# Runtime Error .........



## garvin (May 7, 2002)

OK forum technocrats what's going on here?

Every time I reply to a thread I get a runtime error each time I want to 'preview' or 'post'. The error message is as follows:-

A Runtime Error has occurred
Do you wish to debug?
Line 271 (271 for preview or 274 for post)
Error : Object expected

It just wont take no for an answer so I have to click on yes and then close down the Microsoft Script Debugger that keeps appearing - although in doing this it seems to 'preview' and 'post' OK.

Can anyone shed some light on this?


----------



## SteveS (Oct 20, 2003)

I get this at work but not at home, except that mine WILL accept no for an answer. Therefore suspect some security measure either on the pc or on the way in/out of the network. Doesn't actually make a difference to what get's posted (still the usual bilge ) so I can't be arsed to get it sorted. Sorry that's not much help, but nobody else has confirmed you're not mad ;D.


----------



## KevinST (May 6, 2002)

There's a bug in the script of one of the advert banners I believe.

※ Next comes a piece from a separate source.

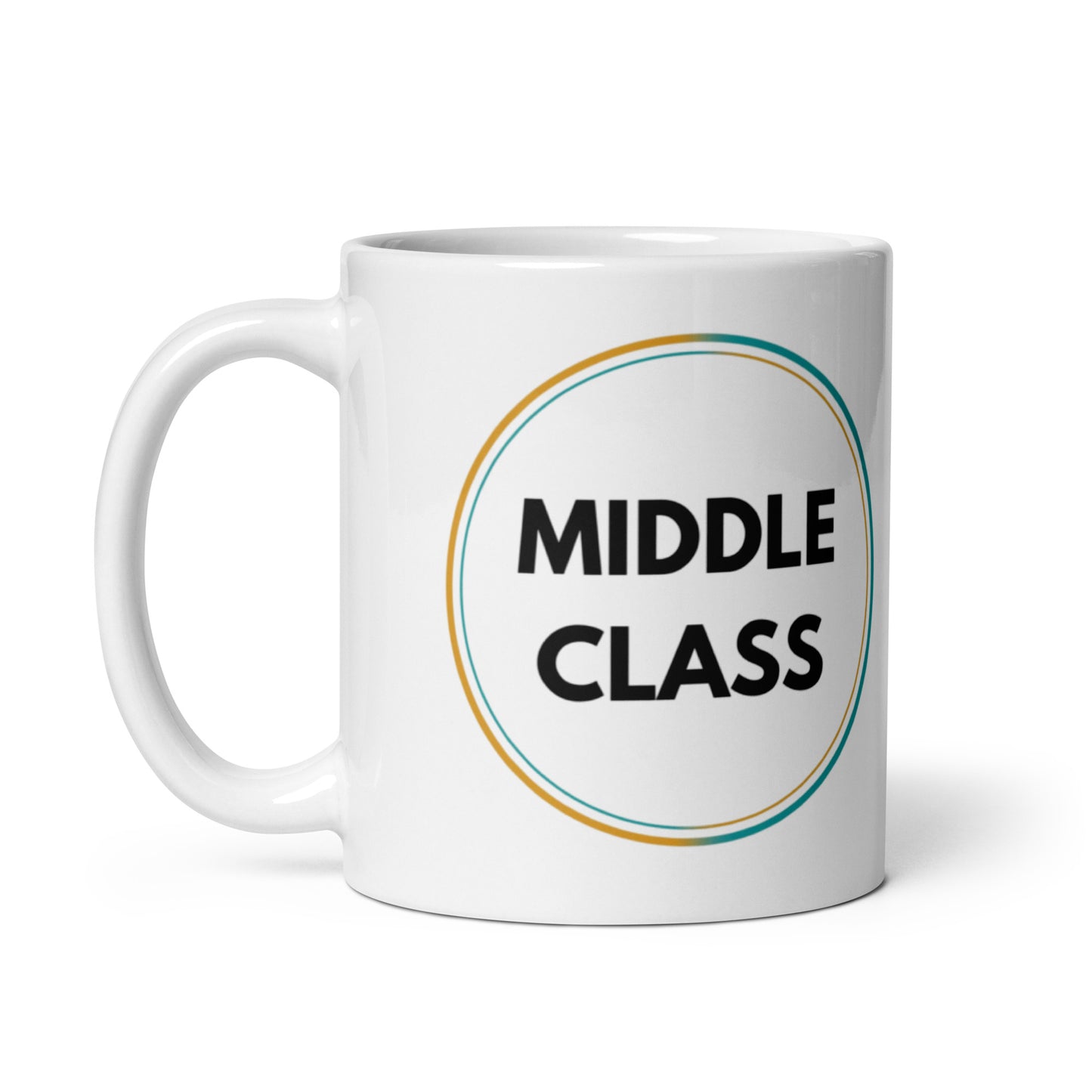 Middle Class Mug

I'll mention it to Jae again.


----------



## garvin (May 7, 2002)

All sorted now ............... recently installed Broadband and the 'installation' disc put a 'branded' IE6 version on the PC (without asking of course). This has been stripped out and and IE6 repaired - now works like a dream.


----------



## vlastan (May 6, 2002)

> All sorted now ............... recently installed Broadband and the 'installation' disc put a 'branded' IE6 version on the PC (without asking of course). This has been stripped out and and IE6 repaired - now works like a dream.

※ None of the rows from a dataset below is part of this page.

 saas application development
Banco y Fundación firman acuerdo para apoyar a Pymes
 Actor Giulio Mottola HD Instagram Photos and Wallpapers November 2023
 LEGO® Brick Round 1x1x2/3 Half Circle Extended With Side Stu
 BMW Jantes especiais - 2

This has nothing to do with the version of IE.

It is a setting under Tools-Options-advanced: Disable script debugging. In my work laptop that I am not allowed to change the settings, I get the error all the time. But not my home PC.


----------



## garvin (May 7, 2002)

> This has nothing to do with the version of IE.
> 
> It is a setting under Tools-Options-advanced: Disable script debugging. In my work laptop that I am not allowed to change the settings, I get the error all the time. But not my home PC.


Absolutely correct. The version of IE was still 6 but the Broadband installation disc overwrote some of the IE settings, including deselecting the 'disable script debugging' option. Rather than going through each setting laboriously I just 'repaired' the IE6 installation and all the crap was removed, including the branded header and options reset to my previous configuration.


----------



## Wak (May 6, 2002)

just installed Office 2003 and this started happening...thanks V for the solution! Â


----------



## L8_0RGY (Sep 12, 2003)

I get this Runtime Error all the time on my work laptop

[yawn] The IT company we use say it's down to Sun Microsysytems not being able to provide the latest Java system to Microsoft [/yawn]

So annoying, every time i go to post something i have click "No"


----------